Gallagher's Kentish ragstone chosen for Inuit Cairn at the British Museum

The Inuit Inuksuk created by artist Piita Irniq for the British Museum.

It is not every day you get an Inuit artist visit your quarry, but Kentish Ragstone producer Gallagher was delighted to welcome Piita Irniq, who is also an educator and statesman, to its Hermitage Quarry near Maidstone in Kent when he was looking for stone to use to make an inuksuk (an Inuit stone cairn) for the British Museum.

Pita Irniq was sponsored by the High Commission of Canada in the UK to build the inuksuk for a major exhibition, tentatively titled Arctic Homelands / Changing Climates, that the British Museum is planning for next year (28 May-23 August 2020).

Staff at the British Museum identified Kentish Ragstone as the ideal stone for this piece of culture-cum-art, and as the only remaining supplier of Kentish Ragstone, Gallagher was delighted to donate the stone for the project.

Piita grew up in Naujaat in Nunavut, Canada, and has built numerous inuksuit, both in his homeland and throughout the world for various cultural institutions.

In March this year, Piita and British Museum employees travelled to Hermitage Quarry to assess the stone. Staff from the quarry laid out various shapes and sizes in large piles and Piita chose those he wanted to craft into his inuksuk.

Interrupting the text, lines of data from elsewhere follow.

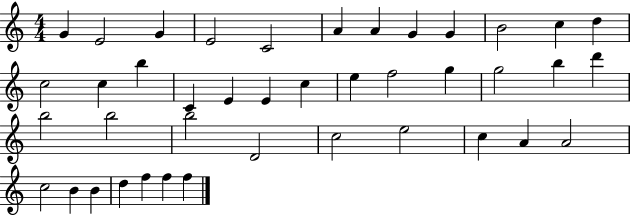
{
  \clef treble
  \numericTimeSignature
  \time 4/4
  \key c \major
  g'4 e'2 g'4 | e'2 c'2 | a'4 a'4 g'4 g'4 | b'2 c''4 d''4 | \break c''2 c''4 b''4 | c'4 e'4 e'4 c''4 | e''4 f''2 g''4 | g''2 b''4 d'''4 | \break b''2 b''2 | b''2 d'2 | c''2 e''2 | c''4 a'4 a'2 | \break c''2 b'4 b'4 | d''4 f''4 f''4 f''4 | \bar "|."
}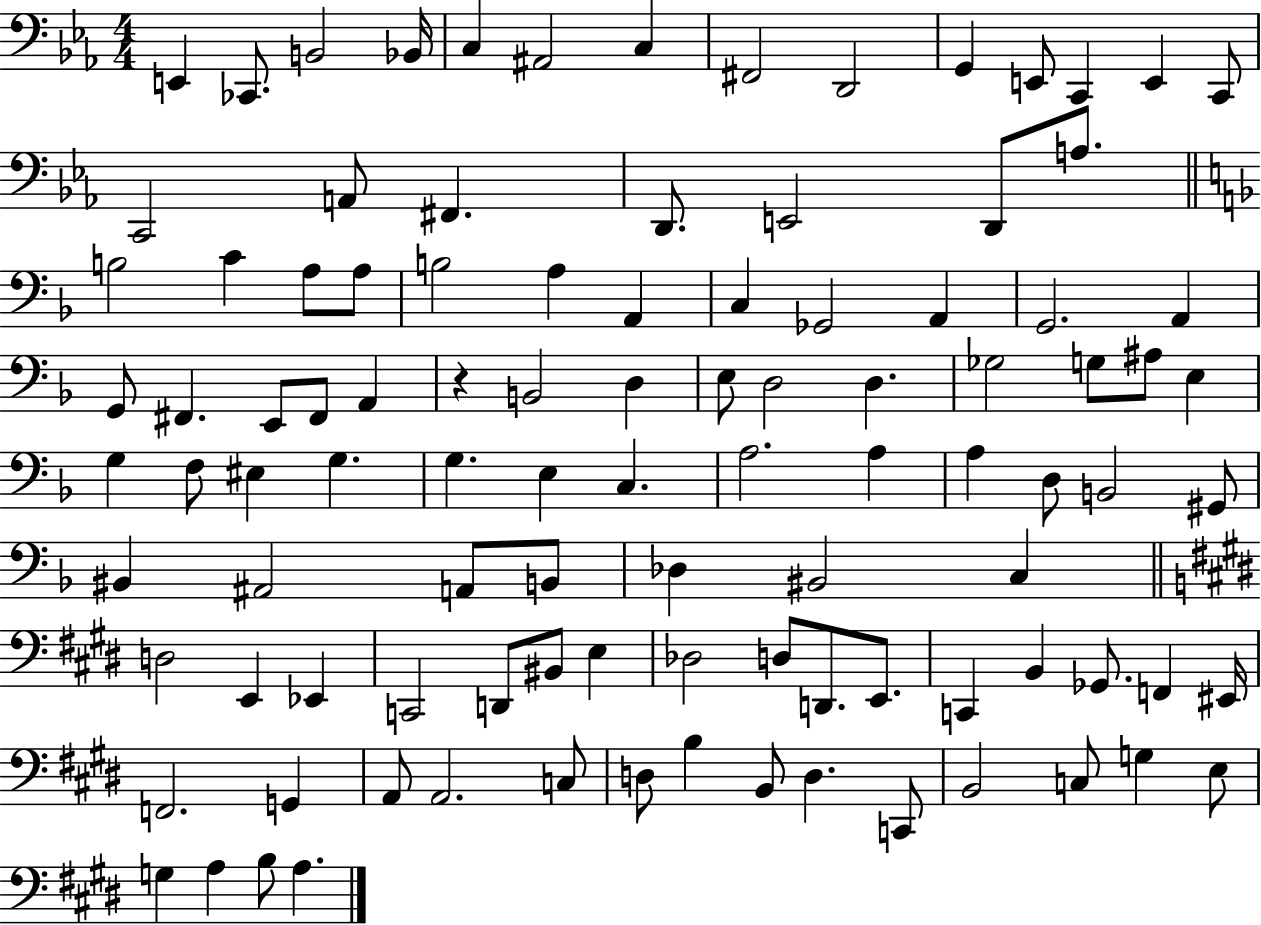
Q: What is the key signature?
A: EES major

He noted, “As an inuksuk maker, I already know in my head what I am going to make. I have the shape visualised in my head.”

The stone selected was shipped to the British Museum, where Piita built the inuksuk in the Museum’s stone conservation lab. He stacked the lighter stones and used a lift with the heavier ones. He chiselled surfaces to make them fit together perfectly. By the end of the day, with the help of the museum's stone conservator Tomasina Munden, it was finished. It is approximately 2m high with a base 1.65m wide by 1.3m deep.

That would normally be it for an inuksuk in the landscape, but the British Museum is concerned to make doubly sure it is safe for visitors and Tomasina Munden is securing the stone together with steel dowels for the exhibition. It will mean it can be built and taken apart as needed, especially for moving as it weighs almost two tons when assembled. The bottom stone is permanently fixed to a base so it cannot fall over.

The inuksuk for the British Museum has a 'look through' that will direct your attention to a specific location in the exhibition. For thousands of years Inuit built inuksuit like this to indicate specific, relevant locations. 

Piita says whenever he sees inuksuit he feels reassured and hopeful. “The inuksuk is a silent messenger for Inuit; a voiceless land marker built by Inuit for many thousands of years. It symbolizes the survival of the Inuit. It is normally built in areas of good fishing, good seal hunting, good caribou hunting, and crossing places.”

Today, inuksuit are used as symbols of direction and hope. An image of one is represented on the Nunavut flag.

The exhibition has not received universal approval, as some Inuit have complained it is a misappropriation of their culture. But as its aim is to highlight climate change and the threat that poses to the Inuit culture, perhaps most will embrace the British Museum initiative.